The Japanese side said that the two men were briefly tied up near the bridge of the Yushin Maru, and later moved them to a cabin.
'It was the only way, you couldn't have them running around the deck not knowing what they're going to do,' said Mr Glenn Inwood, a spokesman for Japan's Institute for Cetacean Research that organised the hunt.
He added that the pair had been given hot meals, a bath and had a good night's sleep.
Mr Inwood yesterday accused Sea Shepherd of stalling the handover to get more publicity.
'It is completely illegal to board anyone's vessel... on the high seas so this can be seen as nothing more than an act of piracy by the Sea Shepherd group,' he added.
A spokesman for Japan's Ministry of Foreign Affairs, Mr Tomohiko Taniguchi, said that it was incorrect to call the two men 'hostages'.
'The two crew members were intentionally left behind on board,' he was quoted as saying by BBC News.
'According to the International Whaling Commission, what the Japanese whaling fleet is doing in the South Pacific and Antarctic region is legal,' he added.
Despite a moratorium on whaling, Japan is allowed an annual 'scientific' hunt, arguing whaling is a cherished cultural tradition and the hunt is necessary to study whales.
The programme is widely condemned as a front for commercial whaling.
'The pirates down here are the Japanese,' Mr Watson of Sea Shepherd told Australian Broadcasting Corp (ABC) radio.
The stand-off was an escalation of the annual contest between the fleet that carries out Japan's controversial whale hunt in the ocean at the bottom of the world and the environmental groups who try to stop them.
One way to resolve the stand-off could be for the two activists to be handed to an Australian fisheries ship en route to the area.
The two anti-whaling protesters were detained inside Australia's declared Antarctic waters and a southern whale sanctuary declared by Canberra but not recognised by Japan.
Australia criticised both sides for behaving in a potentially dangerous way in a region that is thousands of kilometres from the nearest help in case of an emergency.
'From the very first day I urged all parties in this matter to exercise restraint,'Australian Foreign Minister Stephen Smith told ABC radio, referring to previously known plans for the environmentalists to chase the whalers.

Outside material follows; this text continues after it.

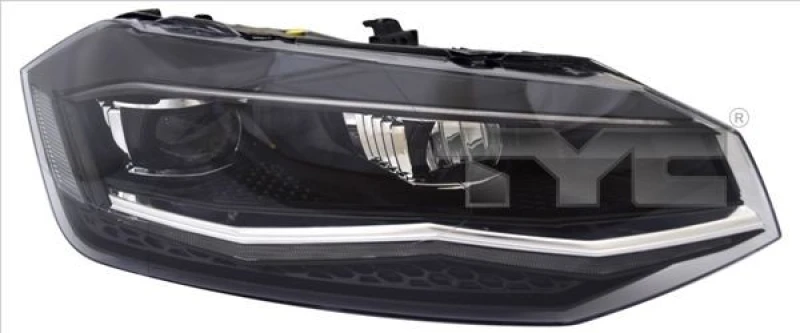 Image of TYC Headlight TYC 20-19211-06-2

'It's quite clearly the case that restraint hasn't occurred here.'
ASSOCIATED PRESS, AGENCE FRANCE-PRESSE, REUTERS
Group known for aggressiveness
Straits Times 17 Jan 08;
ANTI-WHALING group Sea Shepherd has been labelled 'eco-terrorist' for its aggressive tactics.

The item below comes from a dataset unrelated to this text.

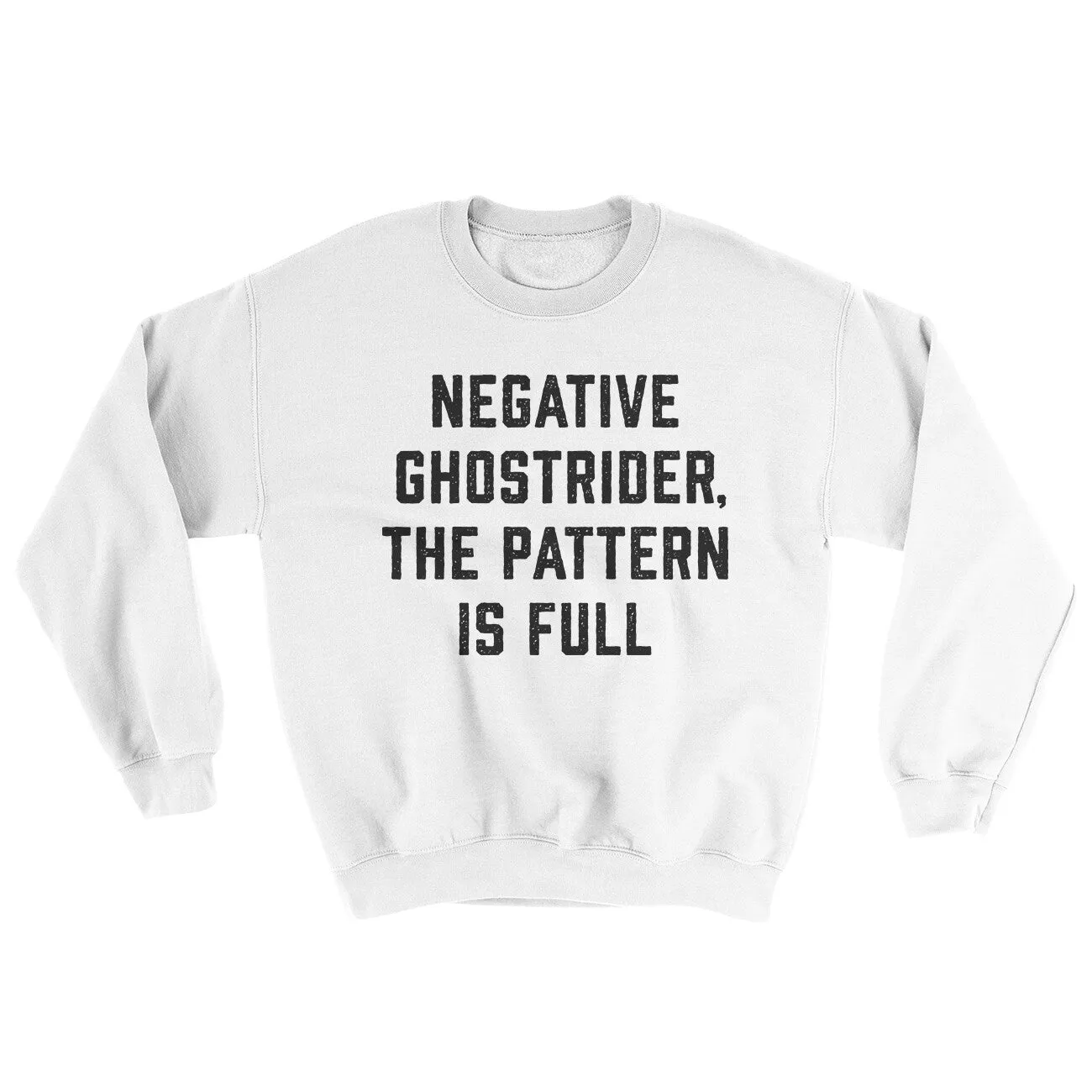 Negative Ghostrider The Pattern Is Full Ugly Sweater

It has rammed whaling ships in the past, sinking some of them.
Its founder Paul Watson said he would do everything he could to stop whaling.

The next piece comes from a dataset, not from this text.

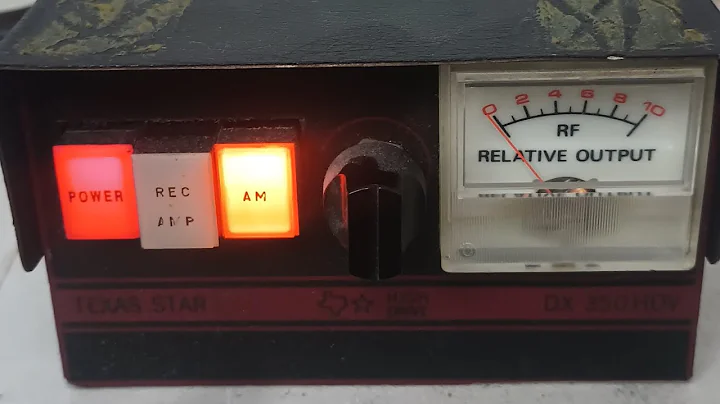 Texas Star 350HDV Mobile Amplifier, Toshiba 2879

'Greenpeace claims they don't like our tactics, but they are protesting against whaling and we are policing whaling,' said the former member.
Greenpeace, which kicked out Mr Watson in 1977 because of his militant style, says it will not cooperate or share information with his group.
Its spokesman Sara Holden said Sea Shepherd placed lives at risk while Greenpeace only disrupted whaling by placing inflatable boats between harpoon boats and the whales.
'Our actions are peaceful and are not designed to do anything other than defend the whales,' she said.
In response, Mr Watson was quoted by the Sydney Morning Herald as saying: 'You don't go down the street and watch a dog being kicked to death and do nothing.
'You don't sit there and watch a whale being harpooned and killed and do nothing except take its picture.'
His group's reckless act of sending two members to board a Japanese whaling ship has achieved its goal - at least for now.
The harpoon ship has halted whaling until the activists are handed over.